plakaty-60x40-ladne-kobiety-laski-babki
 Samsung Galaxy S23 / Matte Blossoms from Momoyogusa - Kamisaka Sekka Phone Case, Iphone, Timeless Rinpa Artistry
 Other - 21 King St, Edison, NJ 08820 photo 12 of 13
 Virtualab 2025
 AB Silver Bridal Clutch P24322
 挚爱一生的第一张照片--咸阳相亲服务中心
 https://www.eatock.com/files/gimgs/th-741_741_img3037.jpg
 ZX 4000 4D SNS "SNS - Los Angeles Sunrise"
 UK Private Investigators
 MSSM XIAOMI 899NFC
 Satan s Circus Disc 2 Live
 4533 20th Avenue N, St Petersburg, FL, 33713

###

> **ACTIVITY**
One line contains "Satan s Circus Disc 2 Live". Return that line and every later line through the end of the listing above, exactly, and nothing else.

> **RESULT OF THIS EXERCISE**
 Satan s Circus Disc 2 Live
 4533 20th Avenue N, St Petersburg, FL, 33713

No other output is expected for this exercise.